SURABAYA – PLN Nusantara Power (PLN NP), subholding pembangkitan PT PLN (Persero), mencatatkan kinerja operasional yang solid sepanjang 2025.
Melalui penguatan strategi operasional, peningkatan efisiensi, serta optimalisasi pengelolaan sumber daya pembangkitan, PLN NP berhasil merealisasikan produksi energi listrik sebesar 66.919 GWh.
Capaian tersebut turut diperkuat oleh keberhasilan perusahaan dalam melakukan optimasi Biaya Pokok Produksi (BPP) hingga 11,4 persen.
Efisiensi ini dicapai melalui pengelolaan energy mix yang semakin optimal, sehingga mampu meningkatkan efektivitas proses pembangkitan, sekaligus memberikan kontribusi terhadap penguatan sistem ketenagalistrikan nasional.
Direktur Utama PLN Nusantara Power Ruly Firmansyah mengatakan, capaian tersebut merupakan hasil kerja kolektif seluruh insan PLN NP serta wujud komitmen perusahaan dalam menjalankan transformasi secara berkelanjutan.

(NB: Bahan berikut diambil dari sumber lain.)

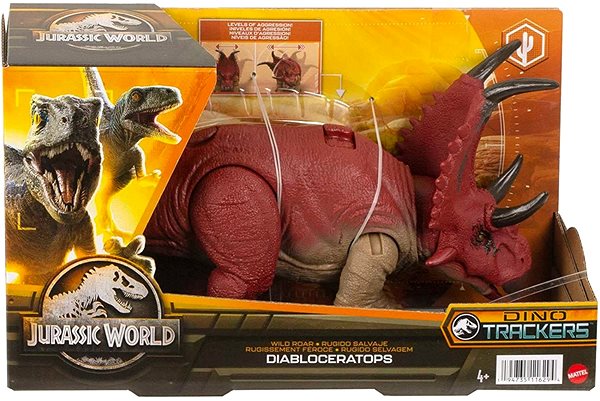 Figur Jurassic World Dinosaurier mit wildem Gebrüll - Diabloceraptops ...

“PLN NP tidak hanya berfokus pada peningkatan produksi energi listrik, tetapi juga memastikan bahwa setiap proses pembangkitan berjalan semakin efisien, lebih bersih, dan memberikan nilai tambah bagi masyarakat,” ujarnya.
Dari aspek keandalan pembangkit, PLN NP juga mencatatkan kinerja positif.
Hal ini tercermin dari capaian sejumlah indikator teknis utama, salah satunya Equivalent Forced Outage Rate (EFOR) pada PLTU yang berhasil melampaui target.
PLN NP juga terus mendukung agenda transformasi PLN melalui program Green and Lean.
Salah satu implementasinya diwujudkan melalui program pengurangan emisi karbon yang berhasil mencapai 1,46 persen atau setara dengan 110 persen dari target 2025.
Wakil Direktur Utama PT PLN (Persero) Yusuf Didi Setiarto mengapresiasi kontribusi PLN NP dalam mendukung pencapaian target operasional dan efisiensi biaya di lingkungan PLN Group.
Apresiasi tersebut disampaikan dalam Rapat Umum Pemegang Saham (RUPS) PLN Nusantara Power.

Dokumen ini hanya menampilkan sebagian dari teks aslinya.